• Input data:
################

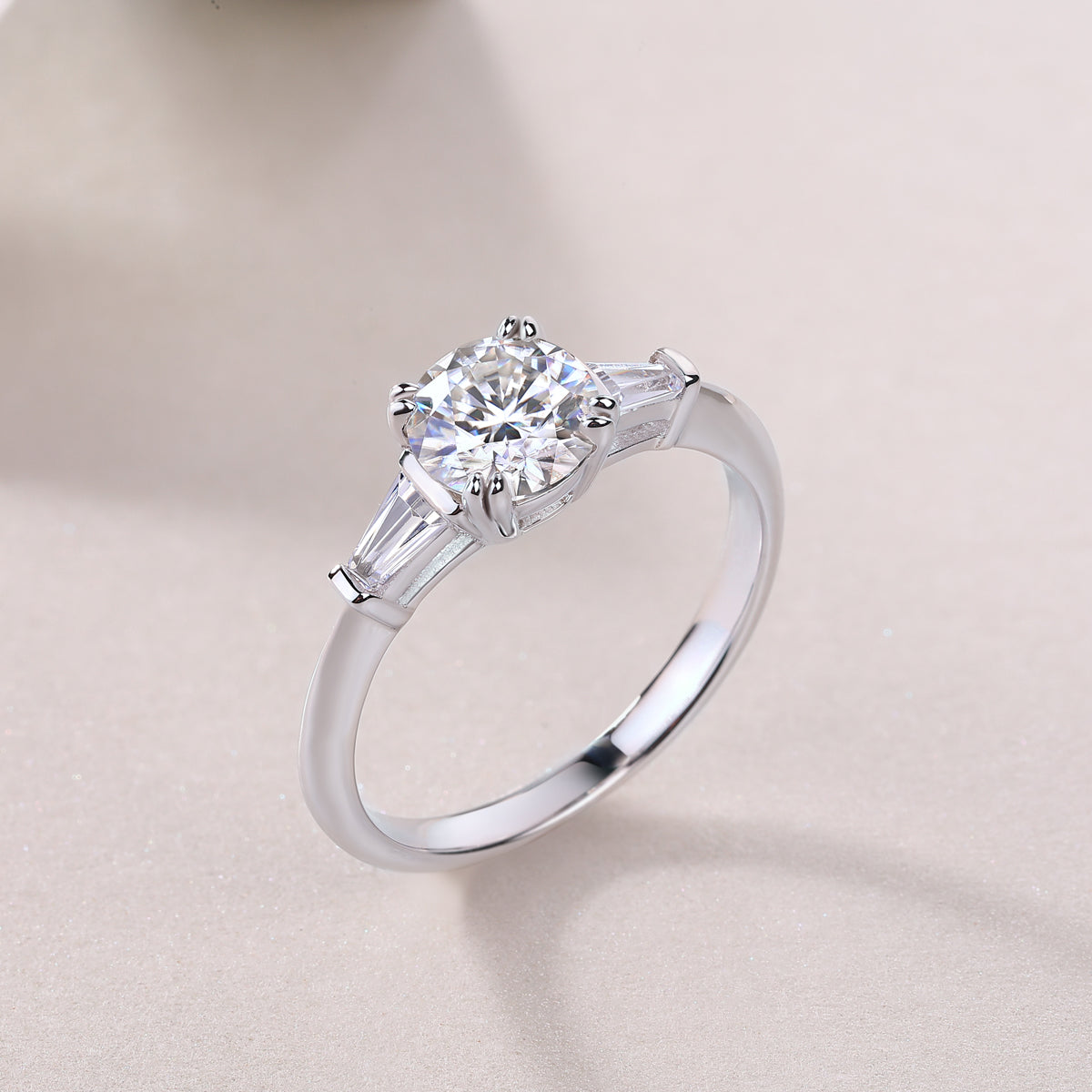 1Luxury Fashion Diamond Wedding Ring Classic Set With Moissanite Silver Ring Prohibit TikTok sales - 5 - CJ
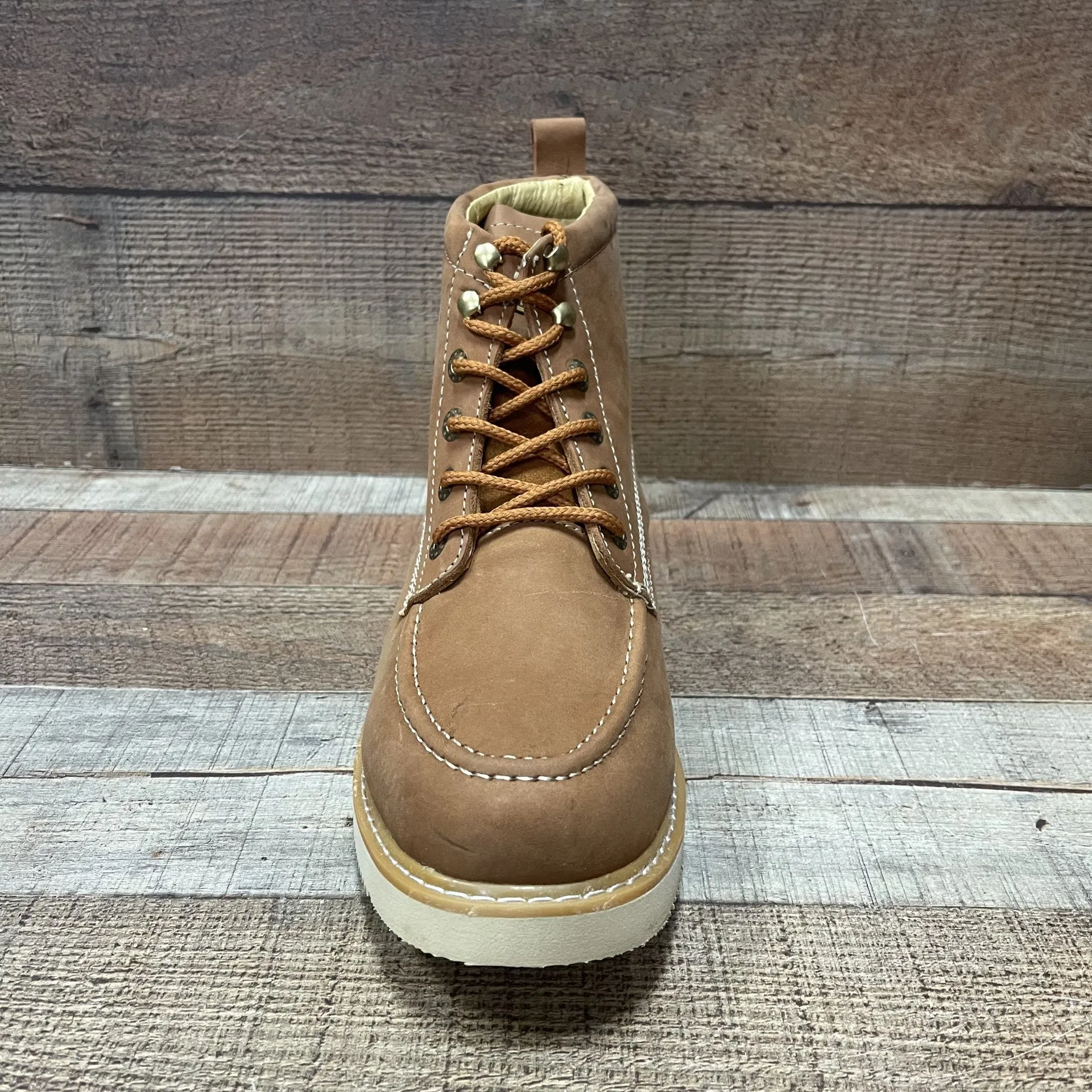 Special Discount: Men's Light Weight Lace-Ups Work Boots Bota Liviana Agujetas Est.1218
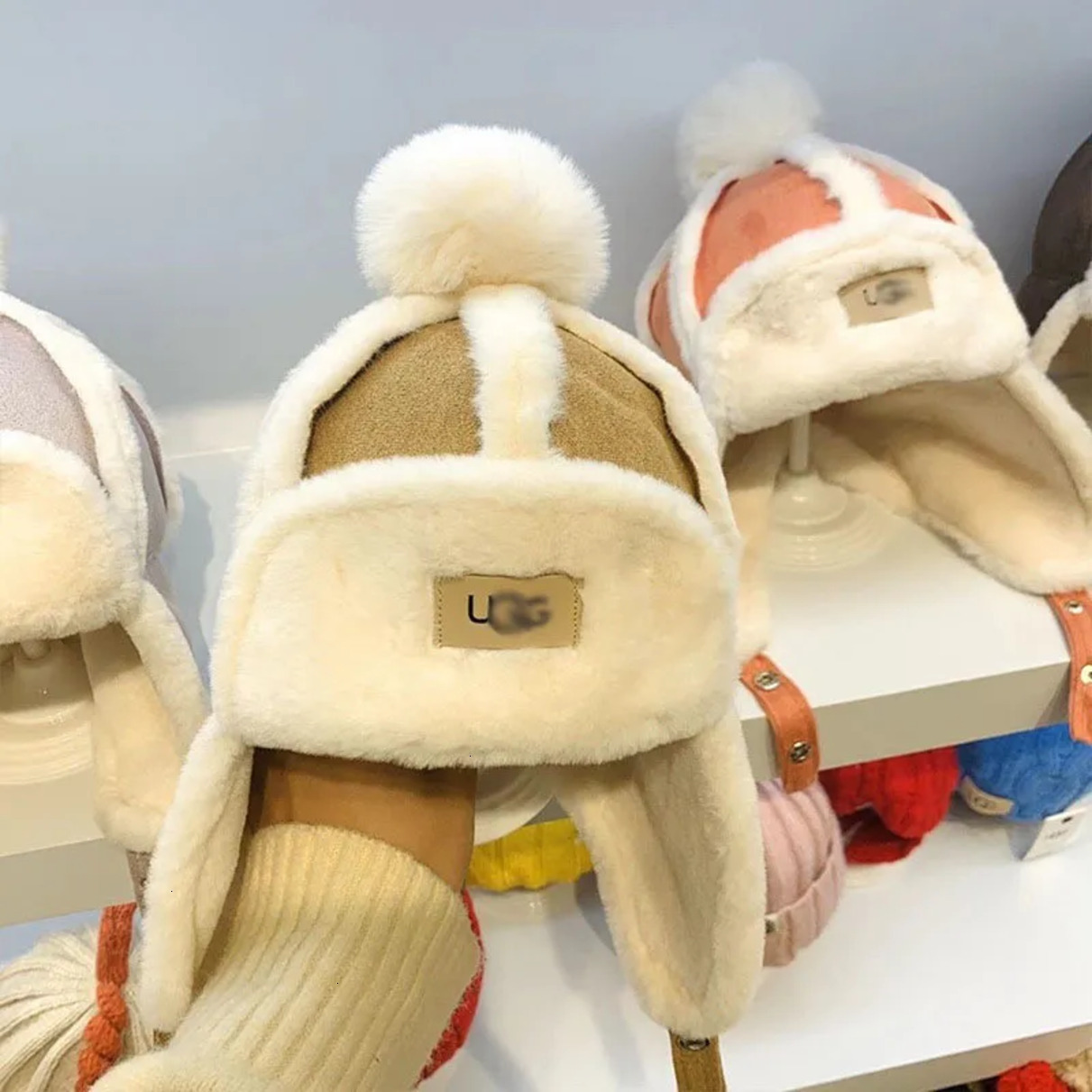 2026 Kid Hair Accessories Designer New Arrival Winter Baby Aviator Hat, Trapper Hat Warm Thickened Infant Cap For Boys And Girls With baby hair clip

################

• Requirement:
All of the data above needs to be given again exactly. Leave out each image.

• Answer:
 1Luxury Fashion Diamond Wedding Ring Classic Set With Moissanite Silver Ring Prohibit TikTok sales - 5 - CJ
 Special Discount: Men's Light Weight Lace-Ups Work Boots Bota Liviana Agujetas Est.1218
 2026 Kid Hair Accessories Designer New Arrival Winter Baby Aviator Hat, Trapper Hat Warm Thickened Infant Cap For Boys And Girls With baby hair clip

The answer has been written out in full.